Europas größter Baustoff- und Agrarhandelskonzern BayWa erwartet nach der Flutkatastrophe keine großen Auswirkungen auf sein Geschäft. Es werde zwar allgemein eine Belebung des Baustoffhandels im Zuge der Aufräumarbeiten erwartet, sagte ein BayWa-Sprecher am Mittwoch in München. Im Agrarbereich seien aber Einbußen möglich.

HB/dpa MÜNCHEN. Daher gehe der Konzern davon aus, dass sich positive und negative Effekte weitgehend neutralisieren. Einige BayWa-Betriebe seien direkt von der Flut betroffen, die Schäden seien aber größtenteils versichert. Im Gesamtjahr erwartet der Konzern weiterhin einen stabilen Umsatz und eine deutliche Gewinnsteigerung.

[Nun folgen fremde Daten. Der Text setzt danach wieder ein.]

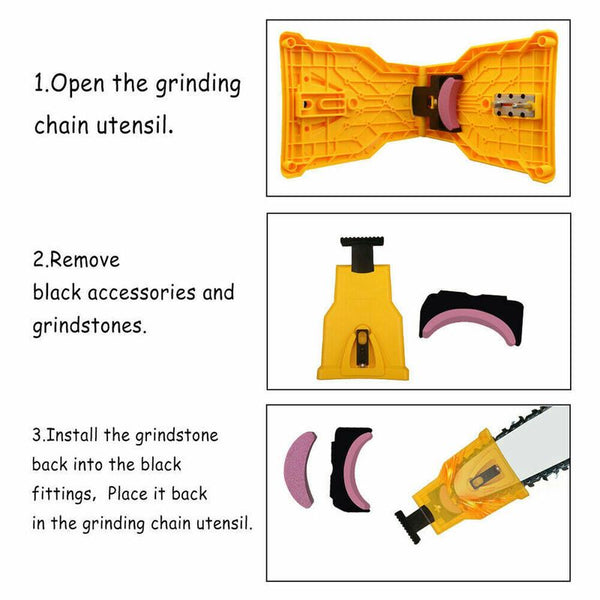 Chainsaw Teeth Sharpener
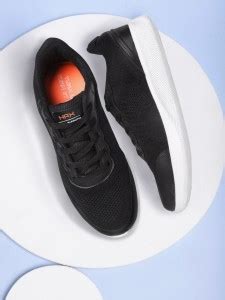 HRX by Hrithik Roshan HX by Hrithik Roshan U-17 Unisex Black Woven ...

BayWa legte zugleich die detaillierten Halbjahreszahlen vor. Demnach stieg das Ergebnis operativ bereinigt um Sondereffekte um 4,3 Millionen Euro auf 35,8 Millionen Euro. Anfang August hatte der Konzern irrtümlich mitgeteilt, das Ergebnis sei auf 4,3 Millionen Euro gestiegen. Der Umsatz sank in den ersten sechs Monaten bereinigt um Verkäufe und Akquisitionen um 2,6 Prozent auf knapp 2,5 Milliarden Euro. Die Zahl der Mitarbeiter verringerte sich um fast neun Prozent auf gut 13 000 Beschäftigte. Hier wirkte sich vor allem der Verkauf der österreichischen Einzelhandelskette Maximarkt aus.